- **Task description**
Reproduce, word for word, every line starting at the line that contains "this 250×188 image." and ending with the final line of the entries.

- **Items from a dataset**
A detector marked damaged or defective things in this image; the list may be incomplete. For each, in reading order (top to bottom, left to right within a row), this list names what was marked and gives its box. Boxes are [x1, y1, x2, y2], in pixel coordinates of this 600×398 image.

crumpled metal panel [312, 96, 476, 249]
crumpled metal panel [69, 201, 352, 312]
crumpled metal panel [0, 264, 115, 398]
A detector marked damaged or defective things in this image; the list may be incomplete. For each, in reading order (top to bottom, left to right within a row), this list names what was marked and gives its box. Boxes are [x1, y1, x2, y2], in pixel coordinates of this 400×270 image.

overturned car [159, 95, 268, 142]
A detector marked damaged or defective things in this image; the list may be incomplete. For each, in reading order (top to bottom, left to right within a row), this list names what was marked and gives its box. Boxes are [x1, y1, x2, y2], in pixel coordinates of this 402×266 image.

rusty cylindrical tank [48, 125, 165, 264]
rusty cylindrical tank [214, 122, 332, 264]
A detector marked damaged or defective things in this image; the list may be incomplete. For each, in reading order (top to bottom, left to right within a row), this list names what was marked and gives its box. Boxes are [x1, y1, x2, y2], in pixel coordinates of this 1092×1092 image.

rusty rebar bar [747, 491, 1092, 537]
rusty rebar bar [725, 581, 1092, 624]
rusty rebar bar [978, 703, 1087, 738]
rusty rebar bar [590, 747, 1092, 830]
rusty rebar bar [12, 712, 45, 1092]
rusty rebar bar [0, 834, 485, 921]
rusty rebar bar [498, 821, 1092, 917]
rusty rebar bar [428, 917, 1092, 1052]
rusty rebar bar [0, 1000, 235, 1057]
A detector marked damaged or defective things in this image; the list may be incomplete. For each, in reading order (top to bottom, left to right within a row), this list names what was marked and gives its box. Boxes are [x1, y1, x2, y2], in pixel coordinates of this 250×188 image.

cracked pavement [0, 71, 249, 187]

- **Result for this exercise**
A detector marked damaged or defective things in this image; the list may be incomplete. For each, in reading order (top to bottom, left to right within a row), this list names what was marked and gives its box. Boxes are [x1, y1, x2, y2], in pixel coordinates of this 250×188 image.

cracked pavement [0, 71, 249, 187]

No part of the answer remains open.